Defendant asserts a counterclaim2 for re-coupment grounded in section 11705(b)(3)3 of the Interstate Commerce Act (the act or ICA) against its alleged liability for charges at the published rate. Section 11705(b)(3) imposes liability on carriers who charge rates found to be unreasonably high — an issue decided by the ICC, not this court. Defendant asks that this action be stayed pending referral4 of the unreasonable-rate issue to the ICC (record document no. 3, ¶ 16 and record document no. 18).

Before the court is a motion for summary judgment filed by the plaintiff (record document no. 5). The essential facts are not in dispute. The parties agree on the amounts previously invoiced and paid and on the amount of the ICC published rates. They disagree only on the application of the law to the facts. Defendant has filed a motion to stay these proceedings pending a decision by the ICC on a yet-to-be-filed administrative complaint.5

For the reasons which follow, we will grant plaintiffs motion in part. Judgment will be entered in favor of the plaintiff for the additional invoiced rates, but execution on the judgment will be barred pending further order of court to allow defendant an opportunity to challenge the reasonableness of the published rates before the ICC.

The court expressly determines, under Fed.R.Civ.P. 54(b), that there is no just reason for delay of entry of final judgment in favor of plaintiff on its complaint, and will direct entry of judgment upon receipt of plaintiffs calculation of pre-judgment inter[374]*374est consistent with the remainder of this memorandum and the accompanying order.

DISCUSSION

Reiter v. Cooper

Both sides rely on the United States Supreme Court decision in Reiter v. Cooper, - U.S. -, 113 S.Ct. 1213, 122 L.Ed.2d 604 (1993), but draw different conclusions from its holding. In Reiter, the Court recognized that the ICC statutory requirement that carriers’ rates be “reasonable,” 49 U.S.C. § 10701(a), “gives shippers an express cause of action against carriers for damages ... [or] reparations ...” Id. at -, 113 S.Ct. at 1217, 122 L.Ed.2d at 614. Section 11705(b)(3) provides, the Court held, a cause of action for unreasonable rates which may be asserted as a counterclaim against the carrier in a rate recovery case. Although section 11705(b)(3) claims are generally subject to a two-year statute of limitations running from the date of “delivery or tender of delivery by the carrier,” section 11706(g), that limitation does not apply if such claims are asserted as counterclaims in response to the carrier’s suit. Id. at -, 113 S.Ct. at 1218, 122 L.Ed.2d at 614-15. “Recoupment claims are generally not barred by a statute of limitations so long as the main action is timely.” Id. at -, 113 S.Ct. at 1218, 122 L.Ed.2d at 615.

Because section 11705(b)(3) claims are counterclaims, not defenses,6 the Court held, Rule 54(b) “permits a district court to enter separate final judgment on any claim or counterclaim, after making ‘an express determination that there is no just reason for delay.’ ” Id.

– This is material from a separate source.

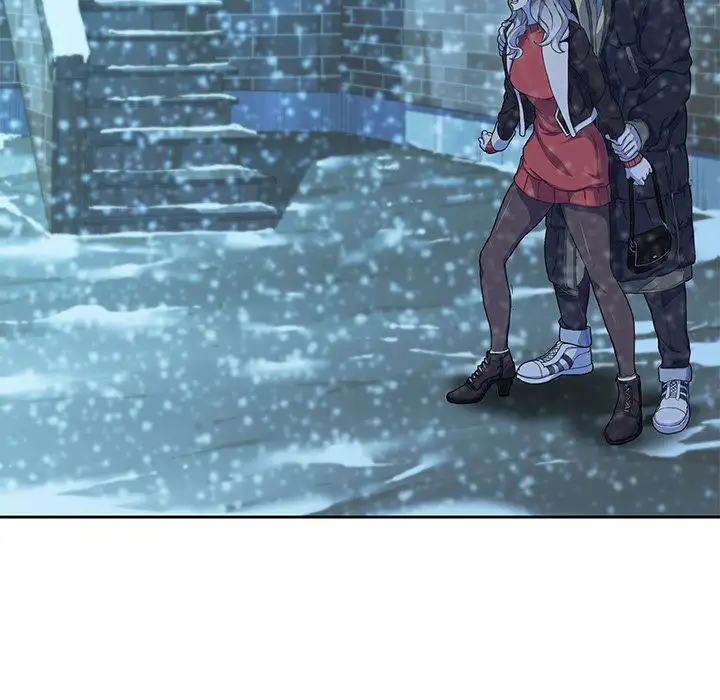 Our Twenties chapter 10 page 74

The power to enter judgment separately is, the Court further held, “largely discretionary” and “to be exercised in light of ‘judicial administrative interests as well as the equities involved’.giving due weight to ‘the historic federal policy against piecemeal appeals,’ ...” Id. The district court may, but is not required to, stay the collection proceeding until the ICC has ruled on the shipper’s rate reasonableness challenge. Id. at -, 113 S.Ct. at 1219, 122 L.Ed.2d at 616-17.

The Supreme Court specifically disavowed a “pay first” rule, stating that payment of the tariff rate is not a “prerequisite to litigating the rate reasonableness issue.” Id. at -, 113 S.Ct. at 1219, 122 L.Ed.2d at 617, relying upon 49 U.S.C. § 11706(g). Under this section, the court held, shippers can assert a section 11705(b)(3) claim before payment and any time after the accrual date (the date of tender or delivery by the carrier). Id.

The Court went on to state that under the doctrine of primary jurisdiction, courts may “enable” a referral to an administrative agency, “staying further proceedings so as to give the parties reasonable opportunity to seek an administrative ruling.” Id. “Referral of the issue to the administrative agency does not deprive the court of jurisdiction,” the Court made clear. Id. at -, 113 S.Ct. at 1220, 122 L.Ed.2d at 618. The court “has discretion either to retain jurisdiction or, if the parties would not be unfairly disadvantaged, to dismiss the case without prejudice.” Id. If the issue is “referred” to the ICC, the latter determines only the question of the reasonableness of the filed rates; it does not grant reparations relief, since it lacks the authority to do so.7 Id.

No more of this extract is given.